Ehe für alle?

Darum wird ein Mann Vater und Mutter verlassen und seiner Frau anhangen, und die zwei werden ein Fleisch sein. Dies ist ein grosses Geheimnis; ich spreche jetzt von Christus und der Kirche. (Epheser 5,31f) – Paulus zitiert hier die Schöpfungsgeschichte, nach welcher der Mensch als Mann und Frau geschaffen wurde. Indem Mann und Frau zueinander finden und sich gegenseitig unterstützen, vollendet sich ihre Zweiheit als leibliche Einheit. Sie sind der Prototyp der menschlichen Gemeinschaft, nicht zuletzt deshalb, weil sie einander oft auch irritieren. Unterschiede sind ein Qualiätsmerkmal jeder tragfähigen Gemeinschaft. Sie wirken genetisch und geistig kreativ.
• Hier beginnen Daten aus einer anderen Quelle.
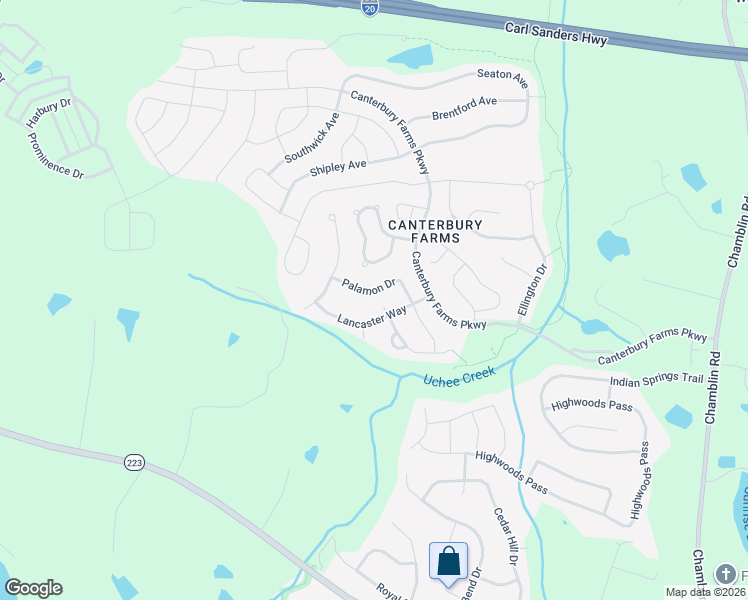 map of restaurants, bars, coffee shops, grocery stores, and more near 273 Palamon Drive in Grovetown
Zwar enthält das Neue Testament keine Doktrin über die «christliche Ehe». Indessen ist die dezidiert jüdisch-christliche Sicht auf die Ehe nicht zu übersehen. Die Analogie zur Beziehung zwischen Mensch und Gott verleiht der Ehe eine theologische Dimension. Das war in den Gesetzgebungen über die Ehe erkennbar, solange sich der Staat ans christliche Bekenntnis anlehnte. Für die Eheschliessung waren ja über Jahrhunderte die Kirchen zuständig, ehe 1874 die obligatorische Zivilehe eingeführt wurde. Seither wurde das Eherecht mehrmals verändert.
Minderheiten, darunter sexuell anders veranlagte Menschen, dürfen nicht diskriminiert werden. Das sollte jedoch nicht dazu führen, den Begriff der Ehe fallen zu lassen. Eine Ehe ist die auf Dauer angelegte Lebensgemeinschaft zweier Menschen verschiedenen Geschlechts, also von Mann und Frau. Ermöglicht der Gesetzgeber die «Ehe für alle», so gibt er den kulturell tief verankerten Ehebegriff auf. In diesem Falle wäre es logischer, einfacher und konsequent, der Staat würde im Zivilgesetzbuch die Abteilung über das Eherecht ganz streichen und für diverse Lebensgemeinschaften Musterverträge – Rechte, Pflichten, Güterstand, Scheidungsmodalitäten etc. – zur Verfügung stellen. Auch die Kirchen könnten dies tun. Bindungswillige würden einen Vertrag aussuchen und allenfalls anpassen.